Titik Temu Smamsatu | Oleh: Dewi Musdalifah
Dalam seminggu ini, pada Biennale Jatim, aku bersua dengan tiga sosok: Martin Suryajaya—penulis dan filsuf dari Jakarta, Ismal dari Jatiwangi Art Factory, dan Hamdani dari kolektif Pasir Putih Lombok Utara.
Nama-nama yang sebelumnya hanya kukenal dari jauh kini hadir dalam lingkaran percakapan hangat. Rasanya seperti benang-benang terurai yang dipertemukan kembali oleh JALAN KECIL, kumpulan cerpenku yang lahir dari ruang sunyi, namun mampu membuka pintu jejaring lintas ruang dan gagasan.



Menulis bagiku adalah jalan sunyi—sebuah laku yang tak bisa diganti dengan apa pun. Pernah seorang kawan berkata, buku harus dijual penuh, tak boleh ada yang digratiskan. Tetapi aku merasa, buku ini telah menghadiahkanku sesuatu yang tak ternilai: ruang perjumpaan yang menghangatkan, yang tak bisa ditukar dengan harga berapa pun. Dari sana aku belajar, nilai tulisan tidak berhenti pada angka, melainkan pada perjumpaan yang ia lahirkan.
Aku menulis di sela jeda: menjelang tidur, menunggu antrean, atau pada tengah malam di kamar mandi. Dalam hening, pikiranku justru riuh oleh imajinasi dan intuisi yang menjelma kata, mengalir seperti rambahan air di sungai pikiran. Kata-kata itulah yang kemudian membuka pintu yang tak pernah kuduga.
Jalan sunyi itu bahkan pernah membawaku melintasi negeri. Malaysia menjadi salah satunya—aku diundang Kementrian Pendidikan Malaysia untuk berbagi di dua kampus: Institut Pendidikan Guru (IPG) Antarabangsa, Kuala Lumpur, dan Universiti Teknologi MARA (UiTM), Selangor. Dari buku kecil yang lahir di ruang sederhana, tiba-tiba aku menemukan diriku di ruang-ruang akademik lintas negara.

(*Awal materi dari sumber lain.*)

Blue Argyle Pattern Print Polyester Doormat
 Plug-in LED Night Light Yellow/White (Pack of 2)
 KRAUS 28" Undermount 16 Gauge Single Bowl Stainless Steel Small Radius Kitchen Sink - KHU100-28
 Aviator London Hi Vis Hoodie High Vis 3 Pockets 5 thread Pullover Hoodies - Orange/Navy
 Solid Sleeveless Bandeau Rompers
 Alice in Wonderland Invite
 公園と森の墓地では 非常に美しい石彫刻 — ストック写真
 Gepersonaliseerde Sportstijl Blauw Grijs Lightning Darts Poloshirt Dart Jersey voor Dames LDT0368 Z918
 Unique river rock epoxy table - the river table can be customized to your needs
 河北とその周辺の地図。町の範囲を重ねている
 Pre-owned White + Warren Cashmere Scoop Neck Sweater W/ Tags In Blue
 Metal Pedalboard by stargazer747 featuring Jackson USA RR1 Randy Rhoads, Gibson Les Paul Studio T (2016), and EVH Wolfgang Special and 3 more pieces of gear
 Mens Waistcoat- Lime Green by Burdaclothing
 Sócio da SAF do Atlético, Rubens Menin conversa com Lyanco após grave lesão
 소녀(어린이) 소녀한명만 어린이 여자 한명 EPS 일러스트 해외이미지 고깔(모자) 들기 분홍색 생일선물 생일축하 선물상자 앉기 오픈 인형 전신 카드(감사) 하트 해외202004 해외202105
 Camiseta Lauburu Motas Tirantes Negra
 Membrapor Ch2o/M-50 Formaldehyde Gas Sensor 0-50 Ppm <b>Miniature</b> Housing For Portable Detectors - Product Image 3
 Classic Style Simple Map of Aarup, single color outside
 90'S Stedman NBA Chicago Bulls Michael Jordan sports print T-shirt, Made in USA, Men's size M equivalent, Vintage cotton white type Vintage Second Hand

Kini aku mengerti alasan terdalam mengapa aku menulis: bukan sekadar mencatat atau menghibur, melainkan meninggalkan jejak di ruang yang tak dijangkau kaki—ruang antara manusia dan semesta. Setiap kalimat adalah anak panah yang kulepaskan ke waktu, mungkin kelak singgah di hati seseorang setelah aku tiada. Dengan menulis, aku mencuri sepotong keabadian.
Itulah sebabnya menulis menjadi penting: ia menyatukan sunyi dan riuh, pribadi dan dunia, ingatan dan masa depan. Selama masih ada kata yang lahir dari kesunyian, selalu ada pintu pertemuan yang terbuka—dan tugasku hanyalah terus menuliskannya.